Soon after Operation Bluestar, former Prime Minister Indira Gandhi wrote to her British counterpart Margaret Thatcher, explaining the ground situation and stating that "we also found some foreign nationals among the desperadoes".
In a letter dated 14 June, 1984, (Operation Bluestar ended on June 8), Gandhi wrote that the army was sent in to flush out Sikh militants because paramilitary forces were "insufficient in number to control growing terrorist activities".
She wrote: "The troops and officers included men of all faiths, including Sikhs. It is never easy to undertake security action involving a place of worship, especially in a country where religion is so easily and often used for political ends. But this place, so sacred to people of the Sikh faith, had been converted by terrorists into a base of operations".

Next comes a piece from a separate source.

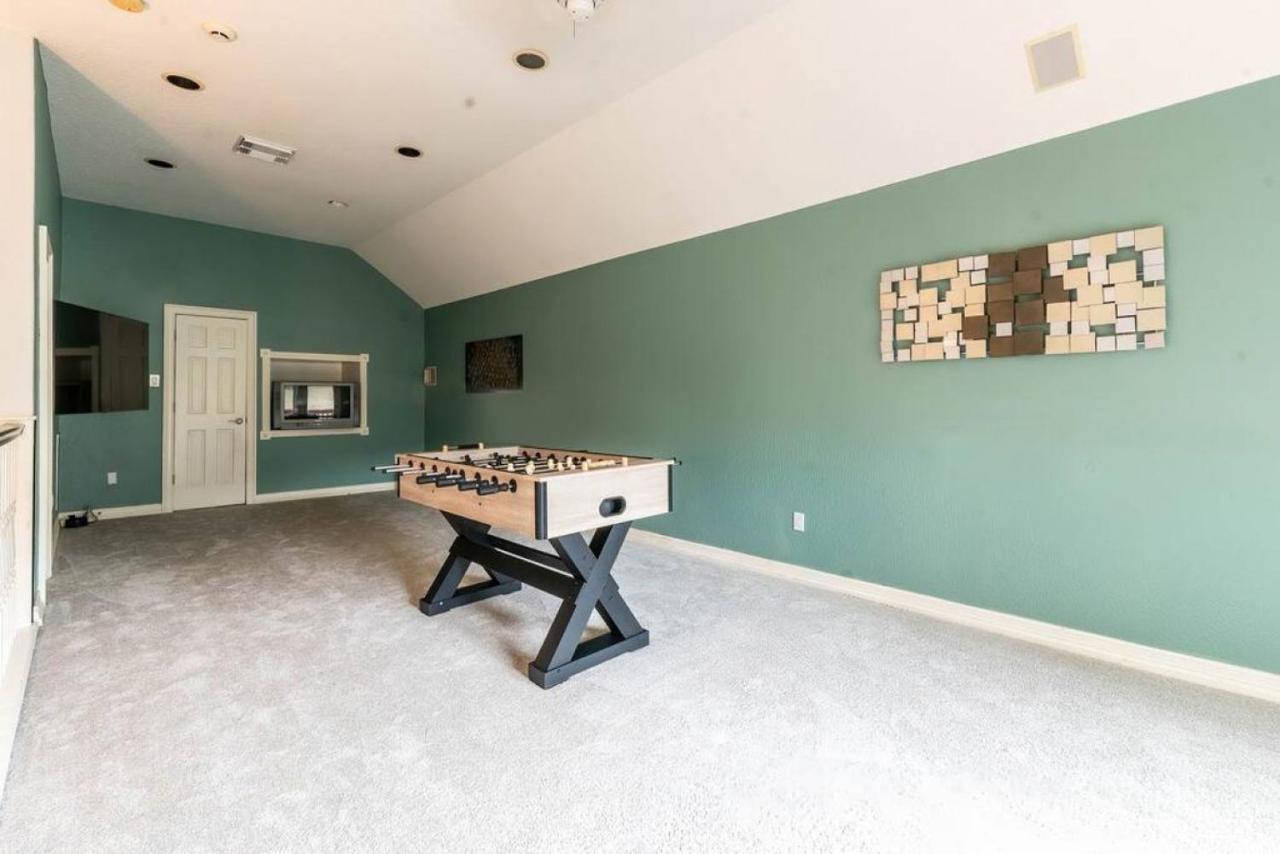 Huge 6 Bedroom With Pool, Spa, 85 Inch Tv, Game Room 休斯敦 外观 照片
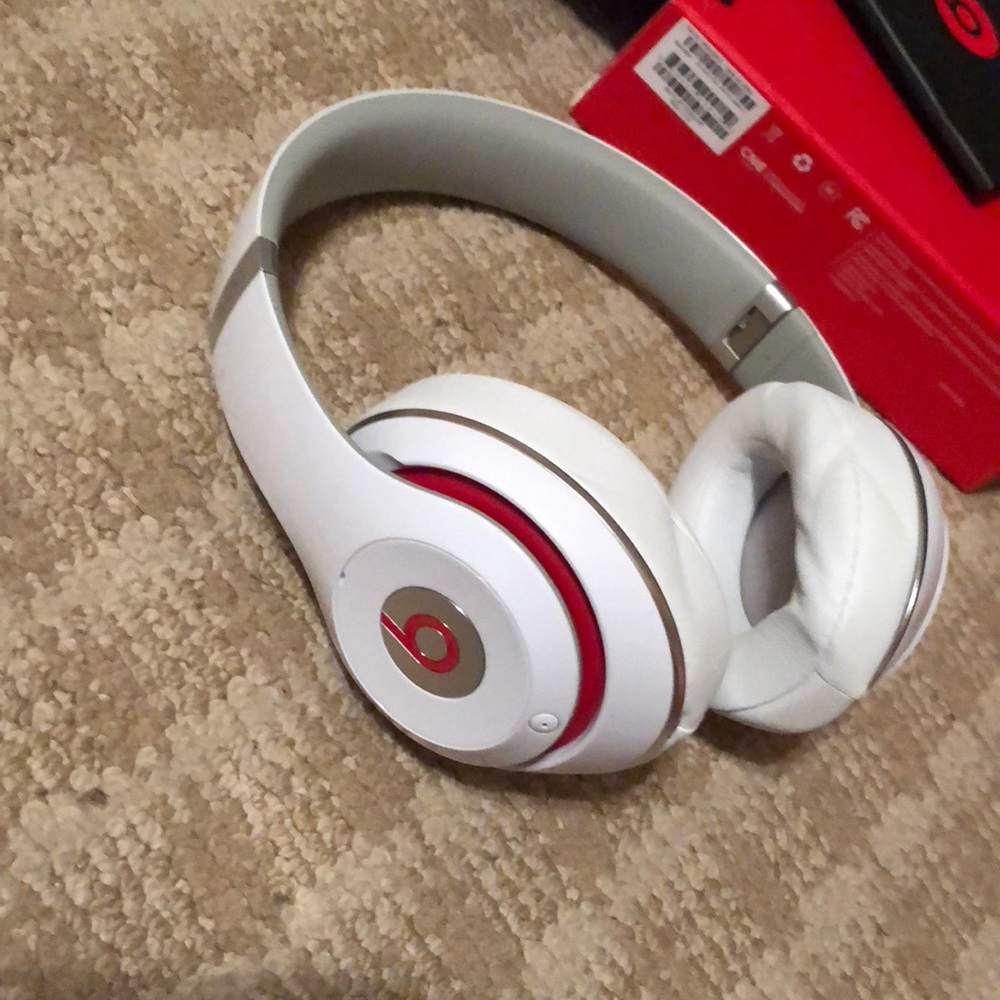 Brand new beats studio wireless 3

Stating that "we did not know that arms were being collected there", Gandhi wrote that vast and sophisticated amount of weapons were discovered and many bore foreign marking.
"We also found some foreign nationals among the desperadoes. For months a reign of terror was unleashed from the temple complex, holding all Punjab to ransom. We had no choice but to send an army unit which exercised the utmost restraint, using a minimum of force".
Gandhi concluded the two-page letter by stating that although the "hard core of the terrorists within has been liquidated", there was a difficult period ahead.
"Many in the Sikh community have been shaken by this traumatic event. The process of healing and reconciliation will take time but we shall persevere," she wrote.
Gandhi was assassinated on October 31, 1984.